A six-sided biased die is rolled 20 times and the number appearing uppermost is noted each time. The numbers uppermost on the six-sided die are:

\(4{\rm{ }}1{\rm{ }}6{\rm{ }}3{\rm{ }}5{\rm{ }}1{\rm{ }}4{\rm{ }}6{\rm{ }}3{\rm{ }}2{\rm{ }}5{\rm{ }}1{\rm{ }}6{\rm{ }}5{\rm{ }}2{\rm{ }}4{\rm{ }}2{\rm{ }}3{\rm{ }}5{\rm{ }}2\)

Estimate the experimental probability of rolling a “five” or “six” with this die.

A letter is selected from Alphabet. The probability of choosing a letter that is one of ABBA is  \(\dfrac{a}{b}\).   Find \(a\) and \(b\),   where \(a\) and \(b\) have no common factors.

7 cards numbered 2, 3, 4, 5, 6, 7, and 8 are placed in a hat. Two are taken simultaneously. Find the probability that both are odd. Answer to two decimal places.

Given  \(P\left( A \right) = \dfrac{1}{2}\) and \(P\left( B \right) = \dfrac{1}{3}\),   find  \(P\left( {\text{neither}\;A\;\text{nor}\;B} \right)\),   correcting to one decimal place.

The probability that a door is unlocked is 0.1. Only one of the five keys will unlock the door she wishes to enter. She only has time to try one key. Find the probability that she will not be able to get into the room.

Find the financial expectation of a ticket in a raffle.   The raffle has 500 tickets and there is one prize worth 200 dollars.

State the following data as categorical or numerical.

a teacher marks her student’s homework with a grade A, B, C, D, or E.

A sport club in a city wants to improve its facilities. Some of residents object this due to noisy. To support its case the sport club asks all members in the club to sign a petition. State the intended population.

Find \( a, b, c, d, e, f, g \)   and the mean.

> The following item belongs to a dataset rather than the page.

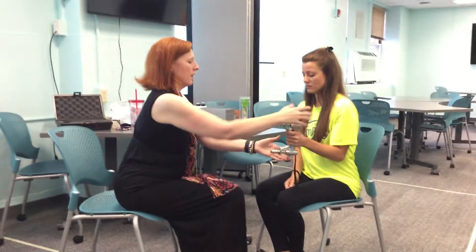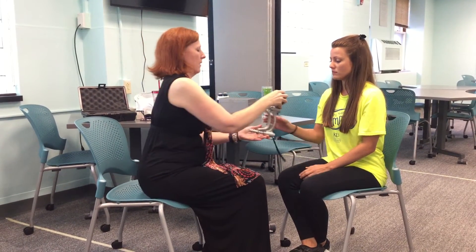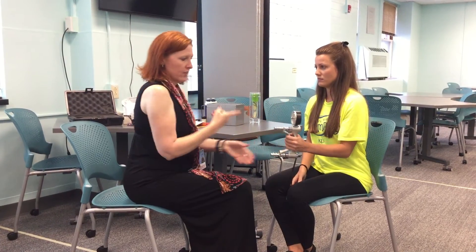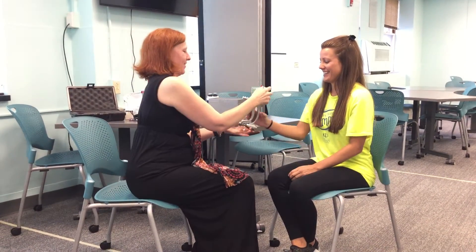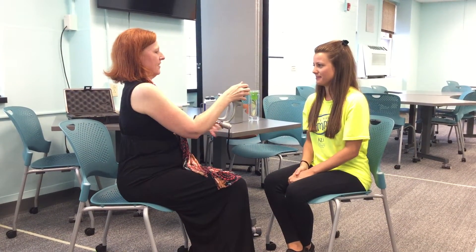Now we're going to do the left hand — squeeze as hard as you can. That's 65 pounds. Normally I write these down — right, left — and I record because we're going to do a trial of three, alternating each time. 66... 62. One more each hand. 64.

\( \begin{array}{|c|c|c|} \hline
Score (x) & Frequency (f) & f \times x \\ \hline
5 & a & 5 \\ \hline
10 & 9 & b \\ \hline
15 & c & 165 \\ \hline
20 & 15 & d \\ \hline
25 & e & 350 \\ \hline
Total & f & g \\ \hline
\end{array} \)

Describe the strength of the linear relationship with correlation coefficient \(r = – 0.3\).